## TO DO:
Every line from the one containing "Wiederverkauf - WOHNUNG" to the last line of the listing below should be given again exactly.

## GIVEN RECORDS:
····················
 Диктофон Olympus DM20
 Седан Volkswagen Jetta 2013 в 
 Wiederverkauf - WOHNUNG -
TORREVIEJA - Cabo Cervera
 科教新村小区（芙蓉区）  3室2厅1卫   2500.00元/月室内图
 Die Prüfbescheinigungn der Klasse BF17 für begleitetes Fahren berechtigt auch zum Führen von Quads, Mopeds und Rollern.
····················
## RESPONSE:
 Wiederverkauf - WOHNUNG -
TORREVIEJA - Cabo Cervera
 科教新村小区（芙蓉区）  3室2厅1卫   2500.00元/月室内图
 Die Prüfbescheinigungn der Klasse BF17 für begleitetes Fahren berechtigt auch zum Führen von Quads, Mopeds und Rollern.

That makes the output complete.